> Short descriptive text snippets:
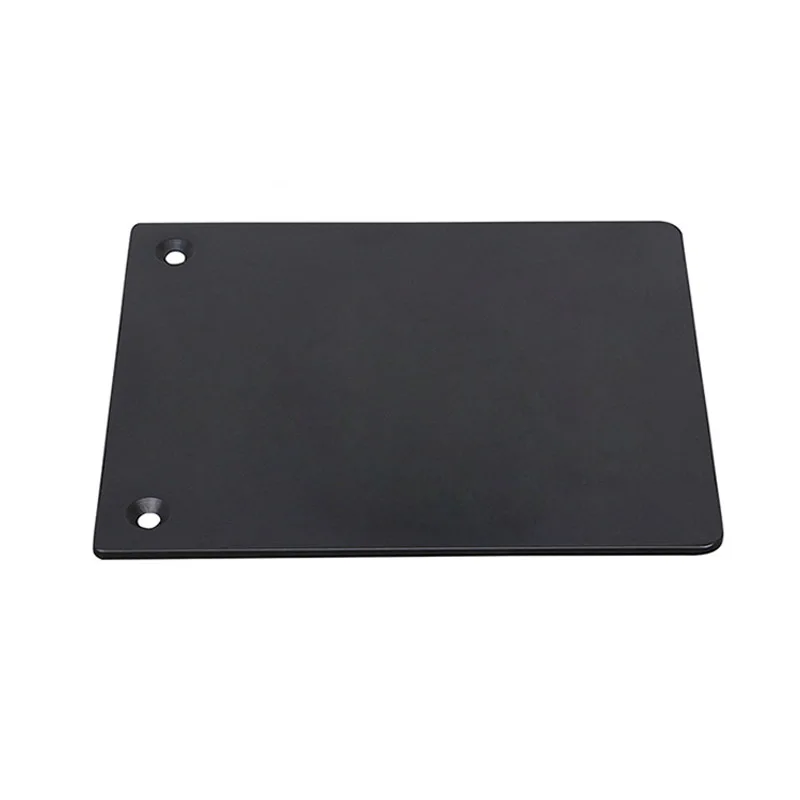 For Aluminum alloy metal mouse tray storage mouse pad  game simulation racing aluminum profile bracket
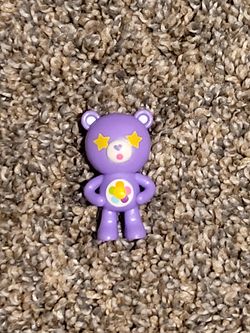 Care bears care MOJI blind bag series 1 harmony bear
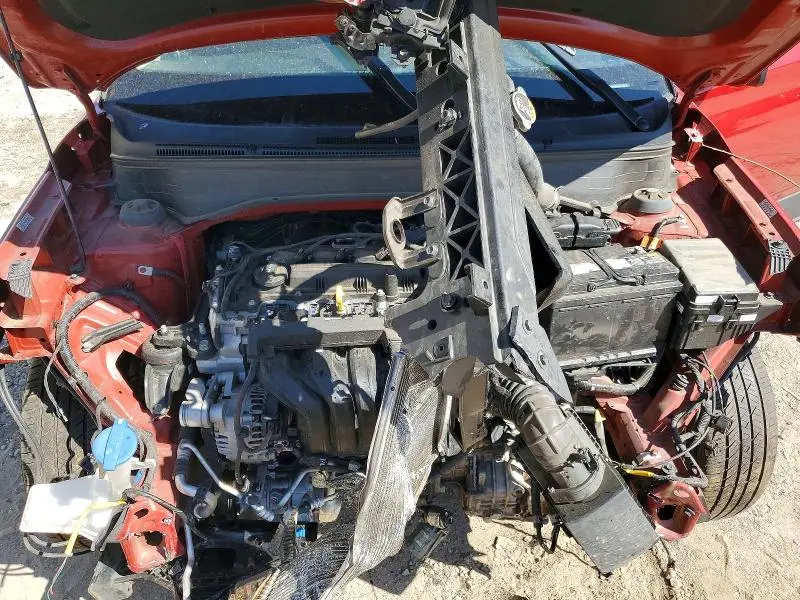 2021 HYUNDAI VENUE SEL  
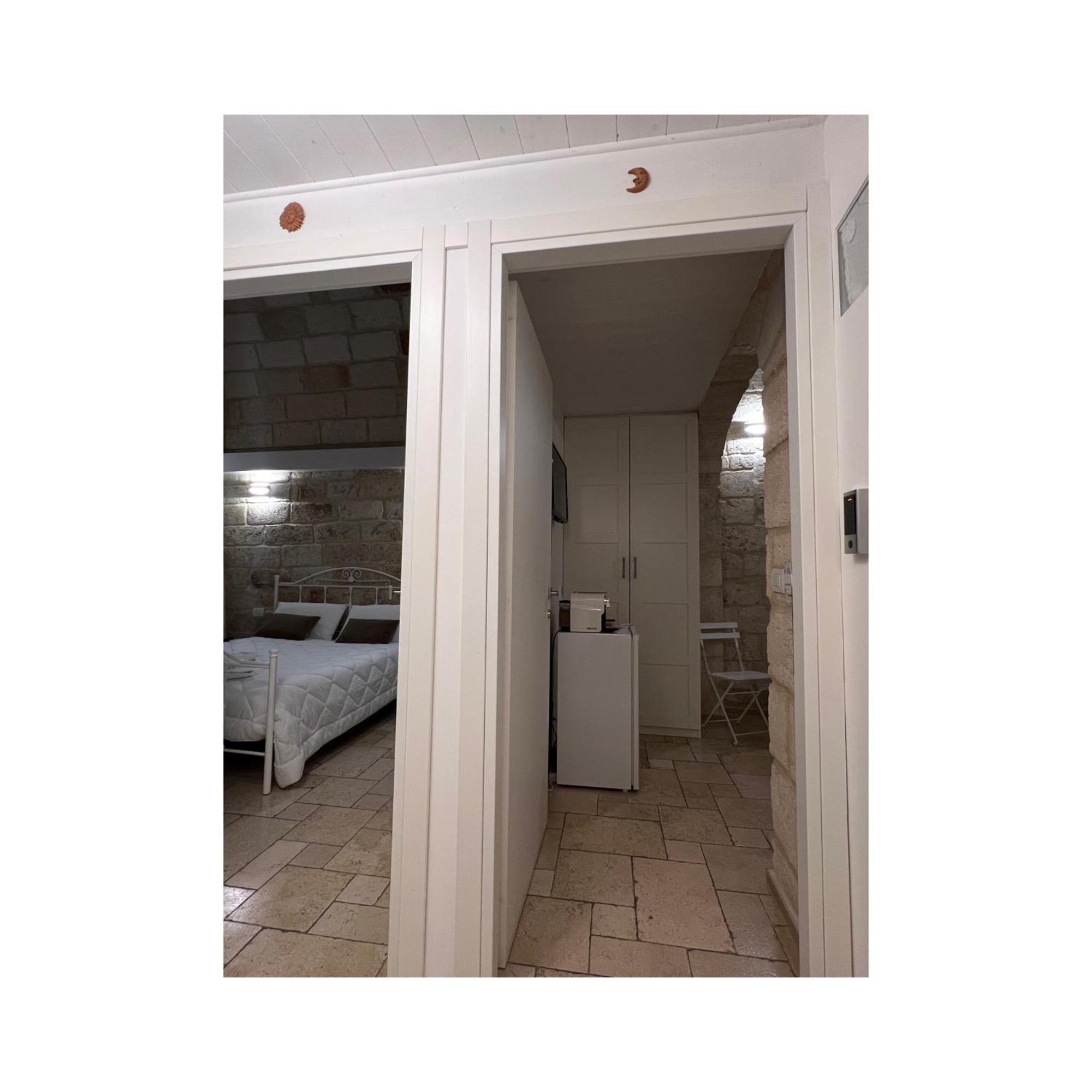 Locus Amoenus Hotel Polignano a Mare Exterior photo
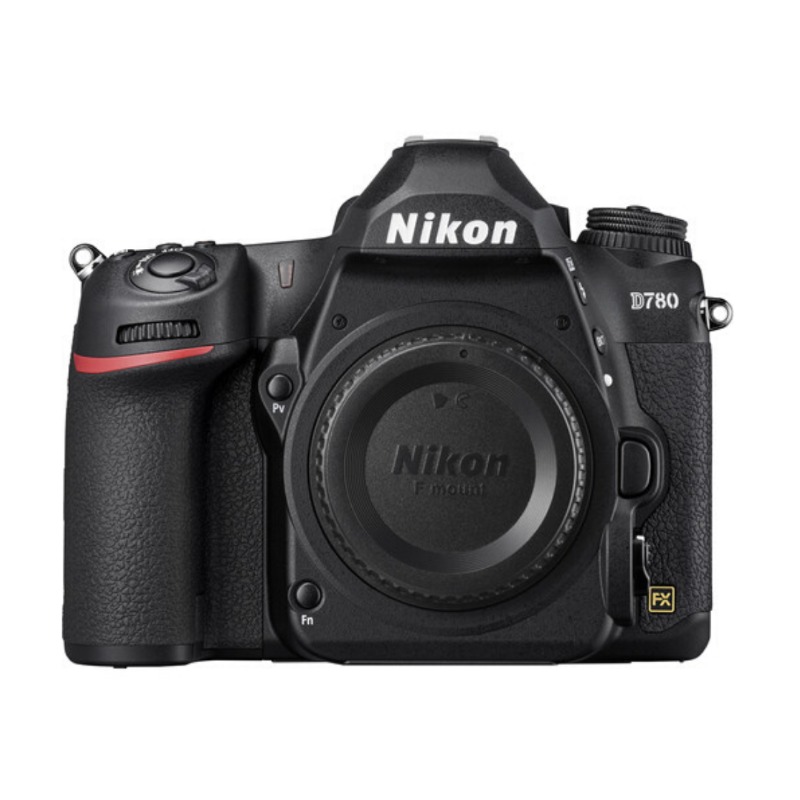 Nikon D780 DSLR Camera (Body Only)2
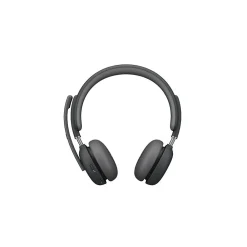 Discount Logitech Zone Wireless 2 Headset, UC, Graphite (981-001310)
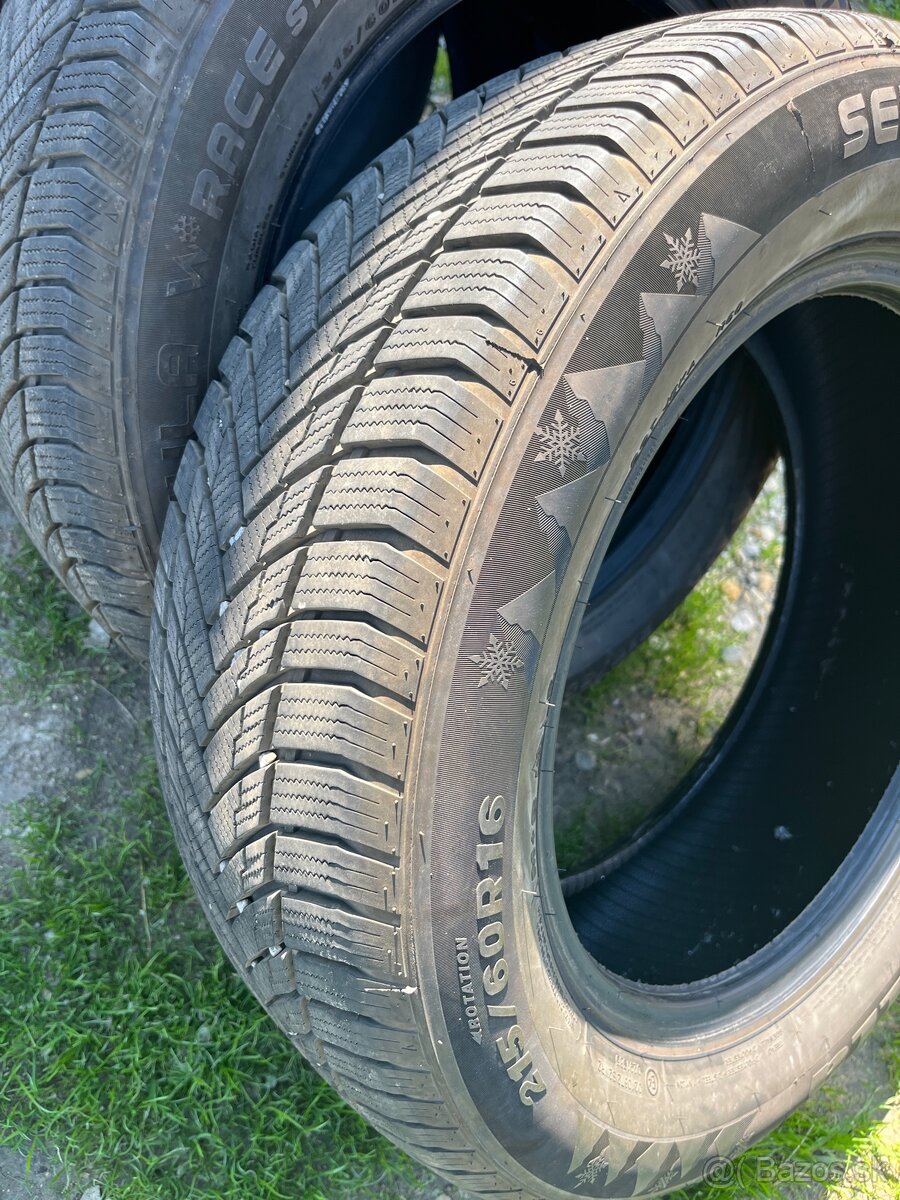 Zimné pneu 215/60R16 - 3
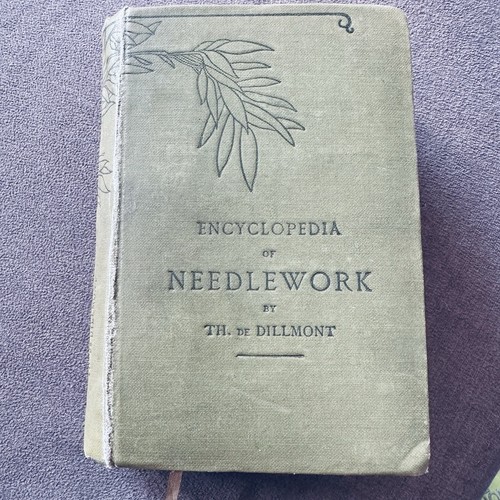 Antique encyclopedia - antique, of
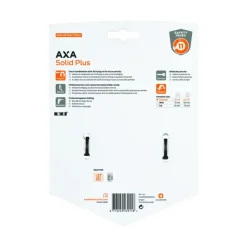 AXA Solid Plus ringslot ART2**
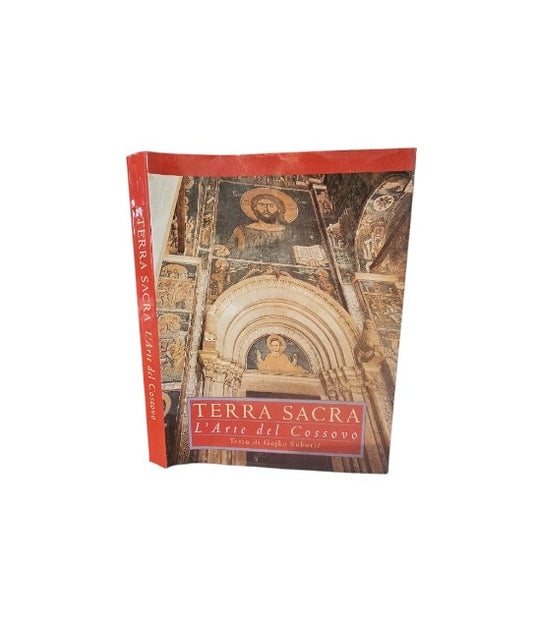 Terra sacra. L'arte del Cossovo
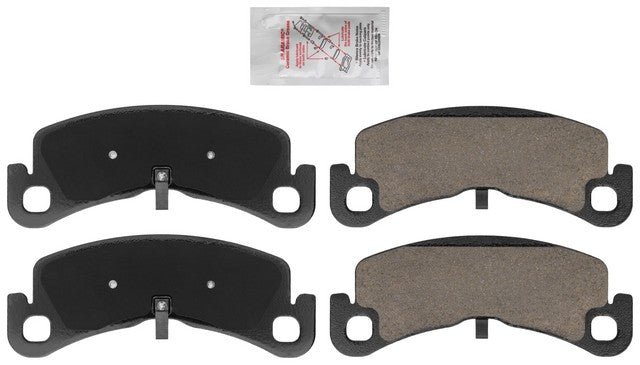 Disc Brake Pad Set AmeriBRAKES PRC2443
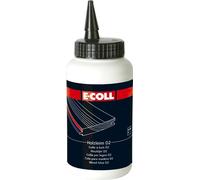 E-Coll colle à bois D2 bouteille de 750g , 4317784313469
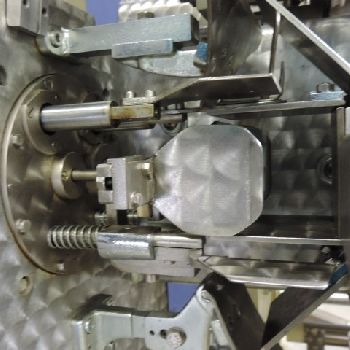 Benhil 8146 Butter production, wrapping and portioning machine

> WORK ORDER:
Although pictures appear among the records above, write out exactly only the lines from the one that has "2021 HYUNDAI VENUE SEL" through the one that has "Disc Brake Pad Set AmeriBRAKES PRC2443", and leave the pictures out.

> ANSWER BELOW:
 2021 HYUNDAI VENUE SEL  
 Locus Amoenus Hotel Polignano a Mare Exterior photo
 Nikon D780 DSLR Camera (Body Only)2
 Discount Logitech Zone Wireless 2 Headset, UC, Graphite (981-001310)
 Zimné pneu 215/60R16 - 3
 Antique encyclopedia - antique, of
 AXA Solid Plus ringslot ART2**
 Terra sacra. L'arte del Cossovo
 Disc Brake Pad Set AmeriBRAKES PRC2443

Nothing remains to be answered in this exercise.